In 1989 opende Wilco van der Werf zijn Funkie House in Rotterdam. Een winkel waar diverse subculturen als streetwear, skate, surf, hiphop en dance samenkwamen en zorgden voor een opvallend divers assortiment. Tien jaar later volgde een tweede vestiging in Den Haag, tegelijkertijd met streetwearzaak Daily Rush, dat in 2017 is opgegaan in Funkie House. In drie decennia heeft Van der Werf de nodige kennis en ervaringen opgedaan, dus hoog tijd voor een terug- én vooruitblik op de moderetail. 

 

Wat voor gevoel geeft dat? Dertig jaar ondernemen?  

“Ik vergeet vaak dat we al zolang bezig zijn. Ik kijk liever vooruit, in plaats van achteruit. Een tijdje geleden kwam er een stylist bij mij in de winkel, voor een tentoonstelling over het Rotterdamse uitgaansleven. Toen hebben we uit de ‘grotten’ van Funkie House wat dozen gehaald met posters en advertenties van vroeger. Als je dat dan allemaal doorneemt, denk je pas weer: oh ja, dit en dat hebben we ook nog gedaan. We hadden een truck in de Dance Parade, gingen jarenlang met klanten op wintersport en het personeel van discotheek Now & Wow droeg onze shirtjes.”

 

Branding vond je dus al vroeg belangrijk. Wat leverde je dat op?

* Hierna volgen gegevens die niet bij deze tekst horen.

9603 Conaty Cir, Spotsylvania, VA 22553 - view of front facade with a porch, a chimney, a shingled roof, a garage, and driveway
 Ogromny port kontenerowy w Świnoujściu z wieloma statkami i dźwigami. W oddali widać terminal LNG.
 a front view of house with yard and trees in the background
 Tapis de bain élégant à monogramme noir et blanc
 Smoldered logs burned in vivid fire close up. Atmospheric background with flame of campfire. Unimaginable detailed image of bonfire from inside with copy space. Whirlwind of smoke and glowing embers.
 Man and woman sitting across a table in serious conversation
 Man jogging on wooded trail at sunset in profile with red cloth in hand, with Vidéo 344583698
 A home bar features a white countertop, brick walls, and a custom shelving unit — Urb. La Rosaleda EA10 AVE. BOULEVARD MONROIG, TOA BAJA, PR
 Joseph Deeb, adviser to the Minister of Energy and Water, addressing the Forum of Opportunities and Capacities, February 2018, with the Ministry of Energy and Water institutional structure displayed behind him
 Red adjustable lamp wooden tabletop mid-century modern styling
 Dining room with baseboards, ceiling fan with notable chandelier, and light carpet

“Goede naamsbekendheid. We waren en zijn wereldberoemd in Rotterdam, zeg maar. Voor mij was dit vanzelfsprekend. Ik dacht: waar onze doelgroep is, daar moeten wij ook zichtbaar zijn.”

 

Met welke gedachte ben je Funkie House begonnen?

“Op straat zag ik skaters, surfers en snowboarders die allemaal hun eigen kledingstijl hadden. Ik wilde dit mixen, want zelf snowboarde en surfde ik ook. In de Nederlandse retail zag je toen allemaal hokjes. Of je had een blauwe denimwinkel, of een sportzaak of een hardcore skateshop. Ik vond dat zo raar. Totdat ik in New York zaken zag die een mix boden, zoals Urban Outfitters, mijn grote voorbeeld. In het begin was dit best lastig werken, omdat merken ons continu in een hokje stopten. Maar de mix van stijlen is altijd goed geweest voor ons. De basis blijft streetwear, maar verder kunnen we door onze brede assortiment altijd meebuigen met de trends. Zo is outdoor nu belangrijk, dus brengen we meer van dit soort producten.” 

 

Waarom ben je begonnen met retailen?

“Ik heb de mode altijd leuk gevonden. Ik werkte bij CoolCat als verkoper en als rayonleider. Daar heb ik geleerd hoe het is om in de retail te werken. En ik vind deze branche nog steeds heel leuk, ook al geef ik steeds meer uit handen en sta ik niet meer op de winkelvloer.”

 

Mis je dat niet?
“Soms wel. Het contact met de klanten was altijd goed. Sommige mensen komen speciaal voor jou langs en je hebt meer feeling met wat er bij je klanten leeft. Maar op een gegeven moment is het denk ik gezond om dit over te laten aan jonge, gepassioneerde verkopers.”

 

Hoe blijf je bij?

“Ik laat mij voor een groot deel informeren door bedrijfsleiders en het verkoopteam. Daarnaast ga ik mee naar alle inkoopafspraken en bezoek ik beurzen.” 

 

Lees verder na de foto.

 

2

 

Welk moment zou je over willen doen?

“Niet de beginperiode, dat was leuk, maar echt heftig. Ik werkte zeven dagen per week, deed de inkoop en maakte lange dagen in de winkel. Zo’n zeven jaar erna, was leuker. We waren hot en happening en alles klopte. De merken die we wilden lagen in de winkel, we waren zichtbaar in de bladen, zangeres Anouk kwam langs en promootte Funkie House. Het was een diverse tijd. De ene keer ging ik mee met een wintersporttrip, het andere moment regelden we een feestje en daartussen ging ik op inkoop.” 

 

Is er een verschil tussen retailen nu en in het verleden?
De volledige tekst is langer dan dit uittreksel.